Similarly, the California State University system is pursuing real estate partnerships, said Richard West, the system’s executive vice-chancellor and chief financial officer. One example: It allowed the professional soccer teamLos Angeles Galaxy [BusinessWeek.com, 7/13/07] to build a 27,000-seat stadium at the system’s Dominguez Hills campus. The school shares revenues from rent, parking, and the box office. West said alternative revenue sources — which includes extended university courses and degrees, philanthropic gifts, contracts and grants, exclusive provider agreements, and land lease agreements — represents at most 10% of the system’s budget. While they help, “they don’t make it any easier to lose state funding,” he said.
Lasell College, meanwhile, didn’t take on a partner to become a senior community developer. Lasell Village, with 188 apartments and 16 buildings, was built and is owned and operated by the college. Residents are required to take 450 credit hours per year, and their tuition is built into rental fees. The school takes in management fees, a lease payment every year, and maintenance fees. Lasell College President Alexander said that $1 million to $2 million goes straight to the bottom line.
Revenues From Royalties Offering financial support to research, startups, and inventions [BusinessWeek.com, 10/16/07] is another way that educators can create a revenue stream while remaining true to their original goals of education and innovation. CFO Theobald said that while Indiana University supplements its tuition revenue through its hospital, dormitories, and a growing endowment, it’s also pinning its hopes on returns from research that can generate valuable patents and royalties. There’s precedent for that. In the mid-1950s, Crest toothpaste was patented by three Indiana University researchers. Royalites from Crest paid for a dental research institute on campus.
Not every plan to boost revenues has worked out. For instance, a plan at Indiana to construct and lease an 800-bed dorm with a private partner foundered, Theobald said. And school administrators admit to some worries about blurring the line between being educators and businesspeople as they pursue alternative sources of income. “I don’t think it’s a cost-free alternative,” said Theobald. “We’re changing the nature of public education as we do this.”
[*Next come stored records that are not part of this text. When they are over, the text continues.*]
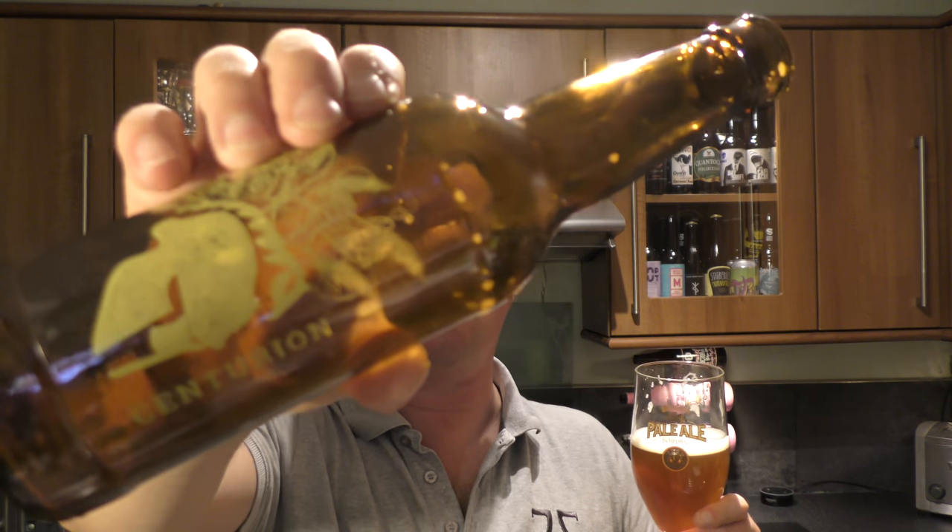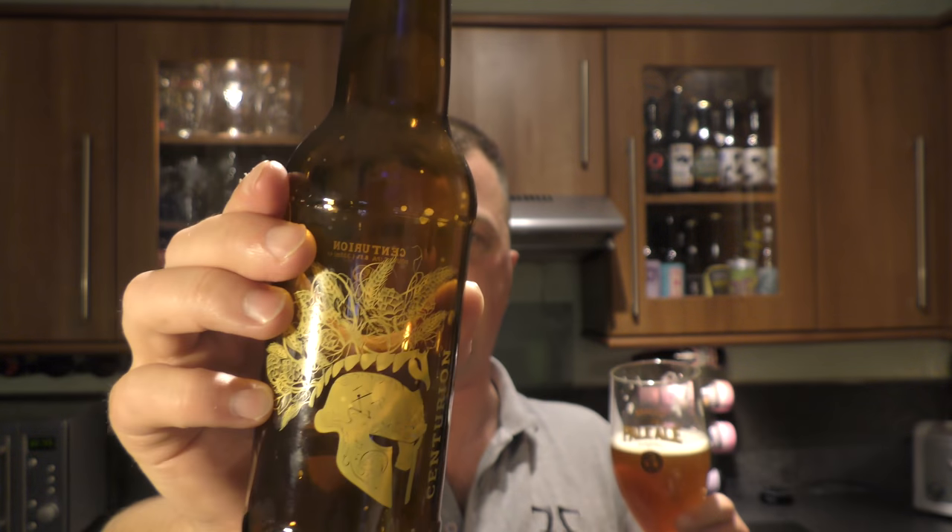That's my first beer from 8 Arch Brewing Company and I really hope it's not my last, because it's another beer from down there — the Dorset, Devon, Cornwall way. They seem to be bringing out some fantastic beers now, these breweries from down that way. So that's Centurion Double IPA from 8 Arch Brewing Company. You can pick it up at imperialbeerclub.com — check out the link in the description box.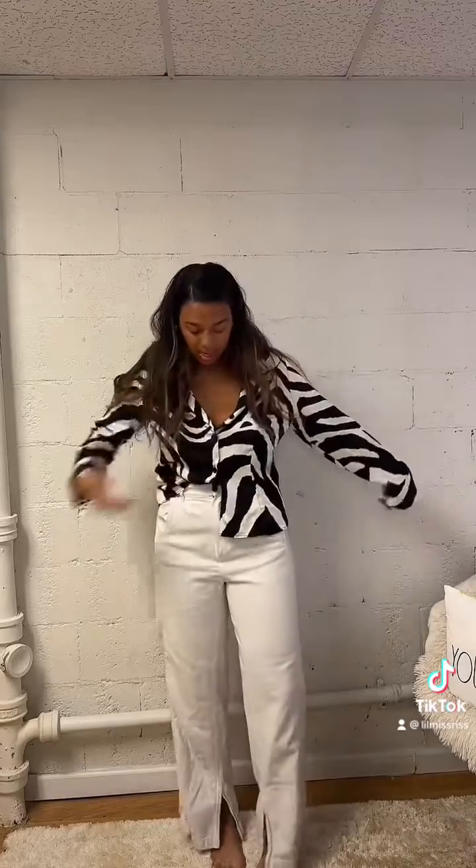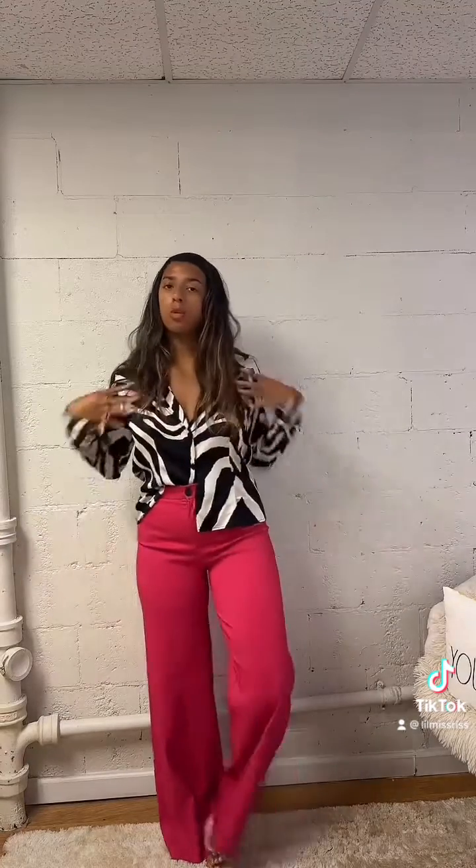Okay guys, this is the next one. I'm wearing some linen-y pants and then this silky shirt — what do we think of this one? Next is my pink pants with the shirt. I feel like it might be too much with the statement pieces.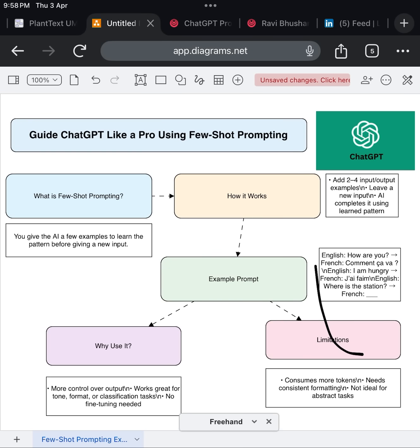If you've ever wished your AI responses were more tailored, more accurate, and just more human, then you need to try few-shot prompting. It's one of the most effective ways to guide large language models like ChatGPT or Claude. And the best part? You don't need any coding or model tuning to make it work.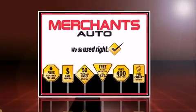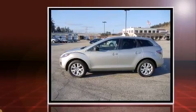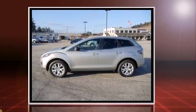Load your family into the 2007 Mazda CX-7. Under the hood, you'll find a four-cylinder engine with more than 200 horsepower, providing a smooth and predictable driving experience.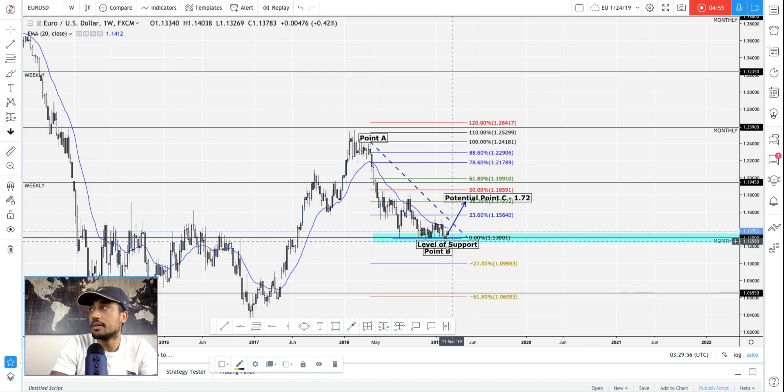That's FXProNow.com. Go ahead and check out the AUDUSD breakdown, USD/JPY, and GBP/JPY on our TradingView. Also check out FXProNow.com and our five-step system to becoming an FX Pro.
Still, administrators say universities have no choice but to continue to pursue alternative revenue streams. Some say that attracting more international students, especially with the weaker dollar, and providing study abroad opportunities will be other ways to bring in more cash. Meanwhile, the other programs — from real estate to research — will likely continue to expand. “Don’t let anyone kid you,” said Lasell’s Alexander. “You have to be thinking about ways to make money. It costs more than tuition to educate people.”